Segment Start: SOURCE DATA

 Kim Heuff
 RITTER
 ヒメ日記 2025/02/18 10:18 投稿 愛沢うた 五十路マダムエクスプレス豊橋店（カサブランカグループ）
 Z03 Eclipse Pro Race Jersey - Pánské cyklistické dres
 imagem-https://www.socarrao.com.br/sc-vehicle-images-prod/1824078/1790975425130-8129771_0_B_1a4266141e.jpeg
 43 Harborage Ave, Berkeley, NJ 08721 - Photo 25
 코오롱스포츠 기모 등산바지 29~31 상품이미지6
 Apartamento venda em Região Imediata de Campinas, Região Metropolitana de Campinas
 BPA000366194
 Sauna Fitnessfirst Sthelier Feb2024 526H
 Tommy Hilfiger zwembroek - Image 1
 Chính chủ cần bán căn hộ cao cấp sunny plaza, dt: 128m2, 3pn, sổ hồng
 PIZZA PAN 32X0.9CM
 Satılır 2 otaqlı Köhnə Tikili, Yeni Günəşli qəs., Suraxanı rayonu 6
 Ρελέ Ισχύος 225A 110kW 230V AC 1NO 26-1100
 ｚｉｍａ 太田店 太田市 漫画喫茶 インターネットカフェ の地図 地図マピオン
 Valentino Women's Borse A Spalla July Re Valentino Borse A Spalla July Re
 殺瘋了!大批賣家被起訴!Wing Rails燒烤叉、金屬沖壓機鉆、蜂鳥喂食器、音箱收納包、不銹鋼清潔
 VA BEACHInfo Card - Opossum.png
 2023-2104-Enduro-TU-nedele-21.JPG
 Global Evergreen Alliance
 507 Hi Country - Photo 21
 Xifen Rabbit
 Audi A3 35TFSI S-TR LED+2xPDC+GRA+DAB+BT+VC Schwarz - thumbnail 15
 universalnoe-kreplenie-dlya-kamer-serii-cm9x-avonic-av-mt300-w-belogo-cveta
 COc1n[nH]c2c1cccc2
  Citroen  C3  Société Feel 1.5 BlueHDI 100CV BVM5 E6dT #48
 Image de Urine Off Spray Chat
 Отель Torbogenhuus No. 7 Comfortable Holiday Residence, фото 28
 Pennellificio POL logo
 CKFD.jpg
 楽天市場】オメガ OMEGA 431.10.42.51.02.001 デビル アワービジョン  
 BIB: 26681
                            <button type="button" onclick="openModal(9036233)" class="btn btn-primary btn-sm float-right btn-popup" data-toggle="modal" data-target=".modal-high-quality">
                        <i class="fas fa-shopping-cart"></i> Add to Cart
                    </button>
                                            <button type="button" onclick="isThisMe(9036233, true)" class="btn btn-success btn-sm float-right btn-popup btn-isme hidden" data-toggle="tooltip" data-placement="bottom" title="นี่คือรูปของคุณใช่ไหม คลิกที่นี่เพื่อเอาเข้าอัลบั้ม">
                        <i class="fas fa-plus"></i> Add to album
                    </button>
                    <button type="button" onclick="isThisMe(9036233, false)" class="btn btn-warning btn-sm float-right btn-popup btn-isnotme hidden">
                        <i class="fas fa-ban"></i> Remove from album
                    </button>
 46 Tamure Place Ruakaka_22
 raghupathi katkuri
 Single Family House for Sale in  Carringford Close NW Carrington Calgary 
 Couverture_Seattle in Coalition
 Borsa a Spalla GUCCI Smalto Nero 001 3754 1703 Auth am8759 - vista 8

Segment End: SOURCE DATA

◆ **THE PROBLEM**:
Where does the string "album" appear in the records above? Return every line that holds it.

◆ **EXPECTED ANSWER**:
                        <i class="fas fa-plus"></i> Add to album
                        <i class="fas fa-ban"></i> Remove from album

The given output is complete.